## Directions
Beginning with the line that contains "en un barrio" and ending with the line that contains "C06672dc 20c7 4434 a0cd 5c28dc394ea4", reproduce the lines of the entries below exactly, omitting pictures.

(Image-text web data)
BEGIN

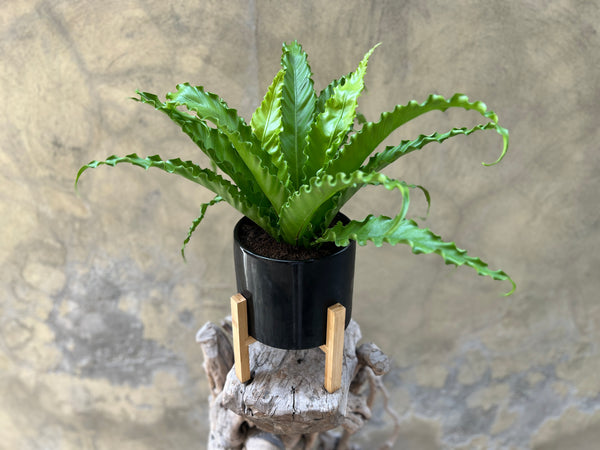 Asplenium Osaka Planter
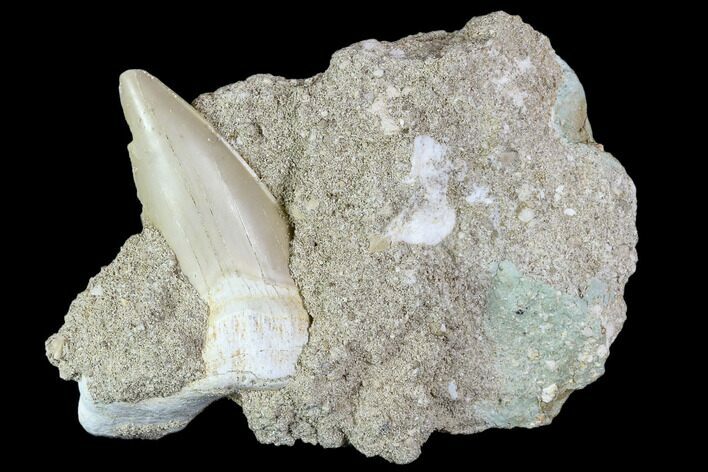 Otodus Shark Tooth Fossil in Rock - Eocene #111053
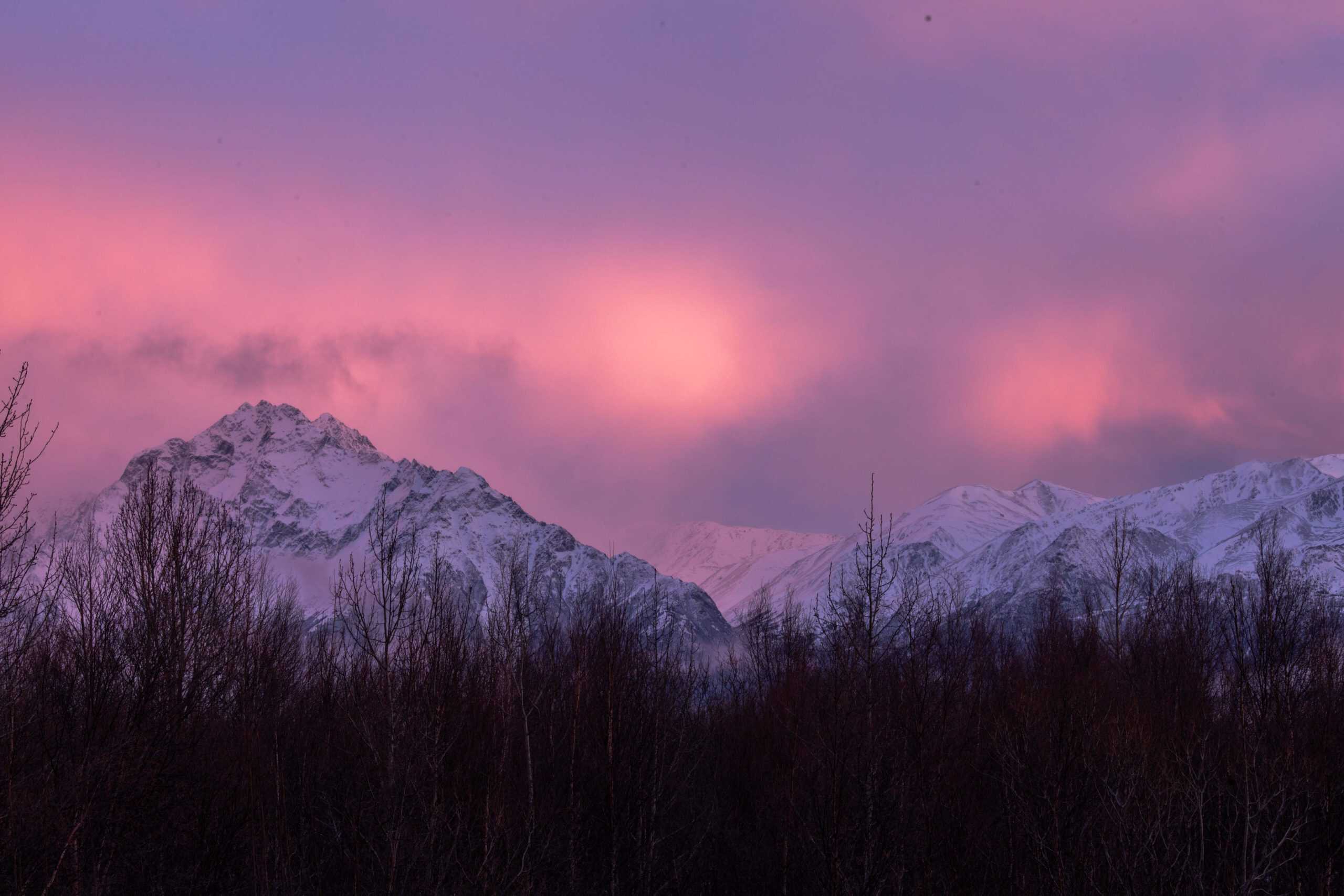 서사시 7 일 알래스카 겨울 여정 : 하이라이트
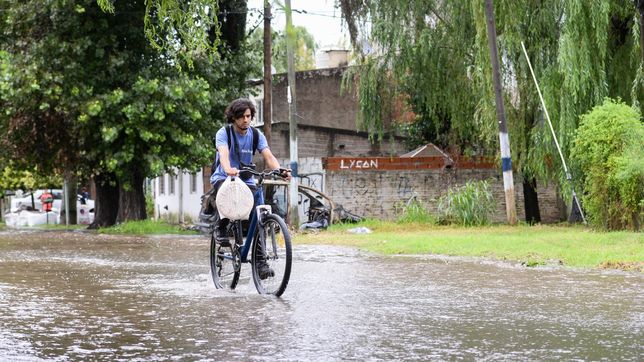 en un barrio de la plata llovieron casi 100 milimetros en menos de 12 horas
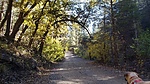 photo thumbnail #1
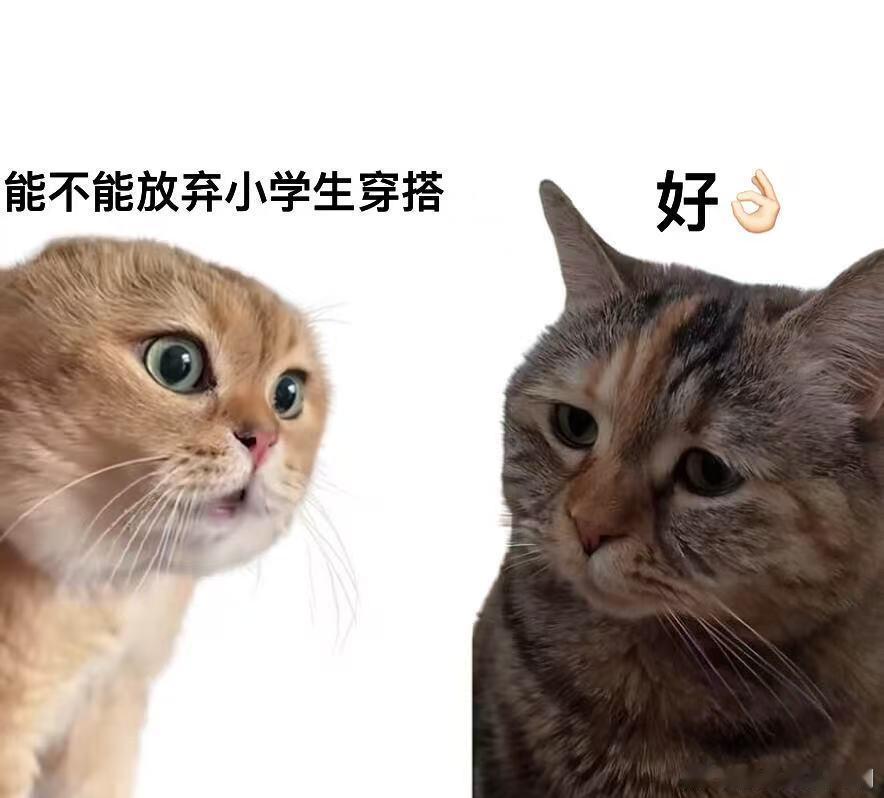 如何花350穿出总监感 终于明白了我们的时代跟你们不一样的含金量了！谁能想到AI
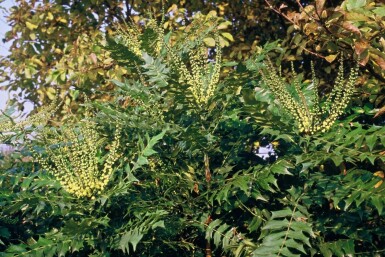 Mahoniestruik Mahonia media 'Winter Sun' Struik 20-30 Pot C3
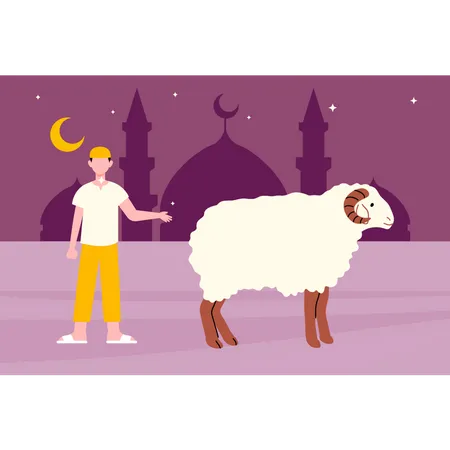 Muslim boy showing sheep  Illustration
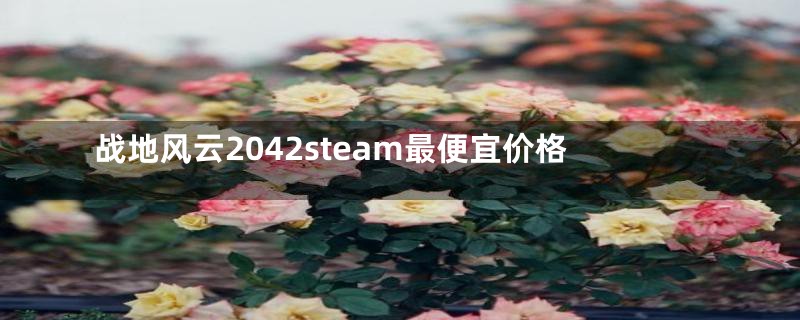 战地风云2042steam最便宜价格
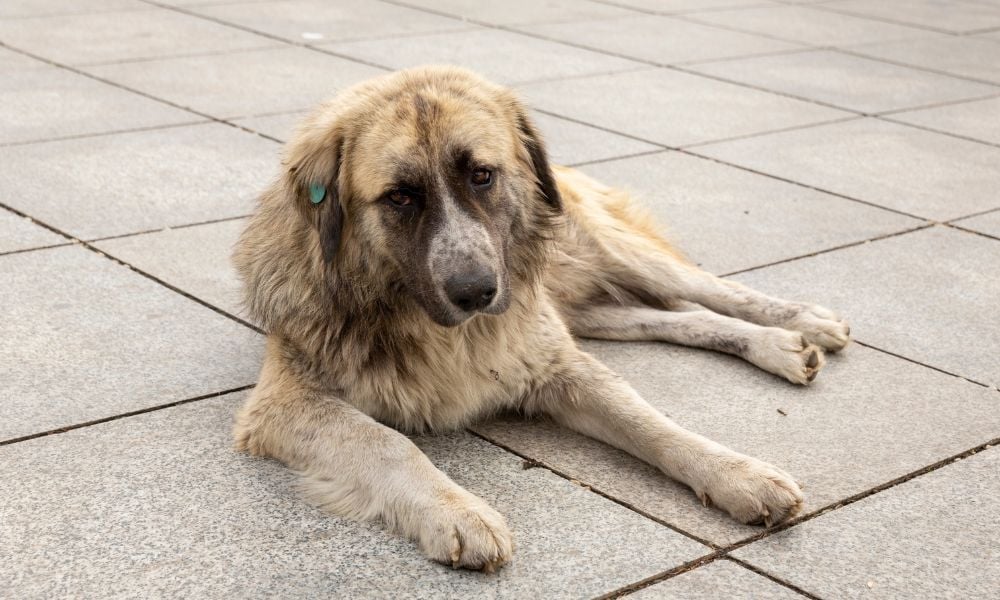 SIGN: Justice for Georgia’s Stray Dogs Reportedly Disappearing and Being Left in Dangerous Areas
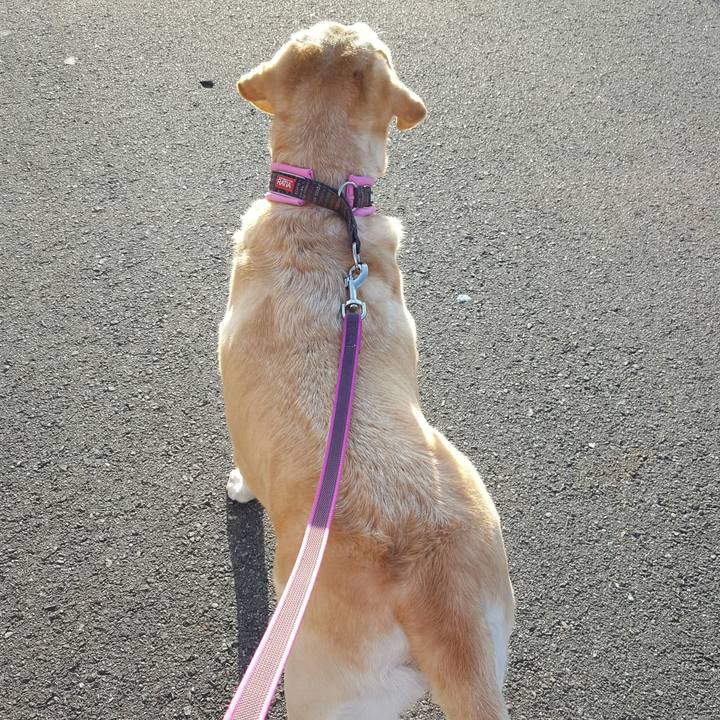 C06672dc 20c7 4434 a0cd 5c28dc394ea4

END
BEGIN

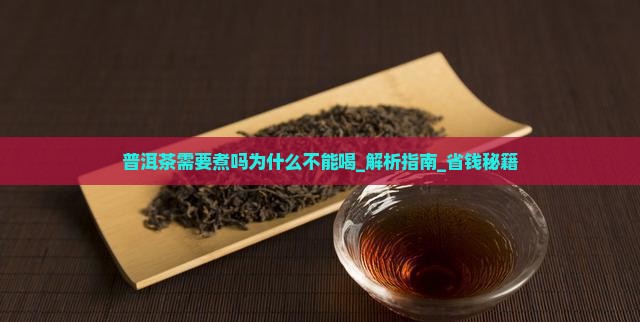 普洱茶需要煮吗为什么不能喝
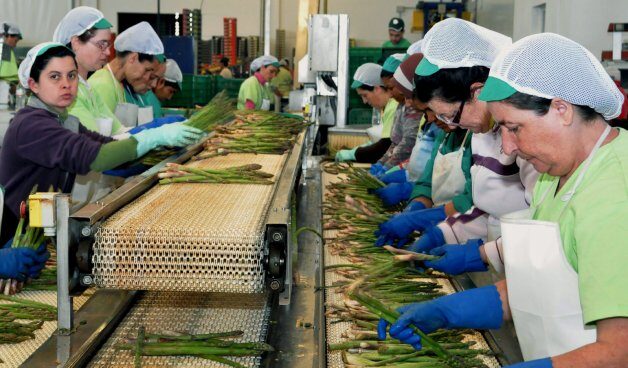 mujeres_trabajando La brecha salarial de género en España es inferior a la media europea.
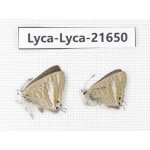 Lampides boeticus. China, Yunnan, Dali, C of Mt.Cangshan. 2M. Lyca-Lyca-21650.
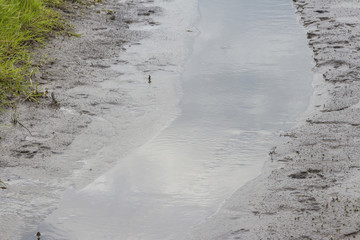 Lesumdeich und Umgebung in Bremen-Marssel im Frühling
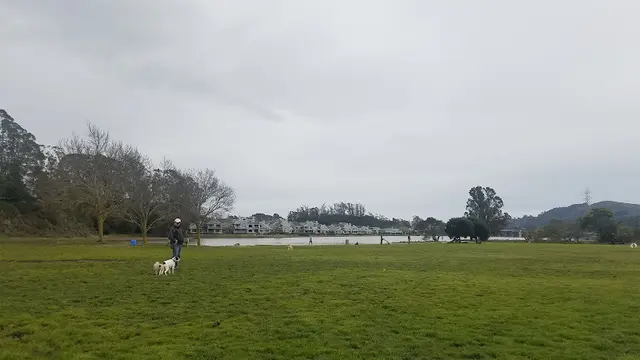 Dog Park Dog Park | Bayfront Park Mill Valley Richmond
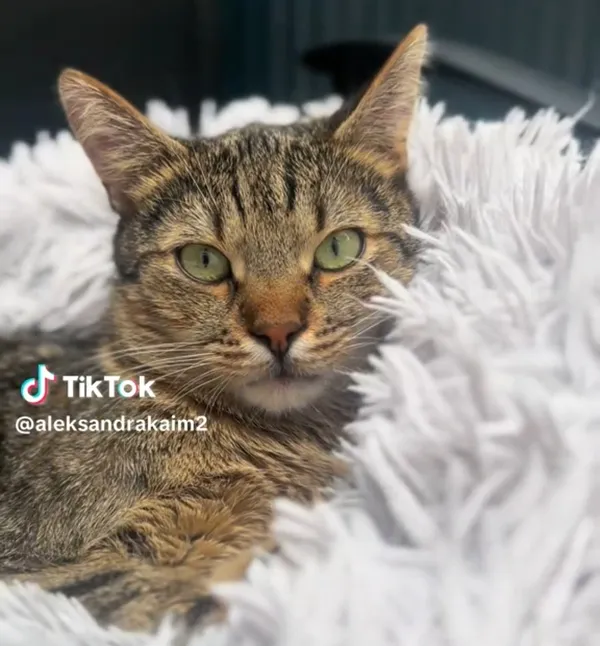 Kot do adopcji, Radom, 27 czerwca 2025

END

## Exercise result
 en un barrio de la plata llovieron casi 100 milimetros en menos de 12 horas
 photo thumbnail #1
 如何花350穿出总监感 终于明白了我们的时代跟你们不一样的含金量了！谁能想到AI
 Mahoniestruik Mahonia media 'Winter Sun' Struik 20-30 Pot C3
 Muslim boy showing sheep  Illustration
 战地风云2042steam最便宜价格
 SIGN: Justice for Georgia’s Stray Dogs Reportedly Disappearing and Being Left in Dangerous Areas
 C06672dc 20c7 4434 a0cd 5c28dc394ea4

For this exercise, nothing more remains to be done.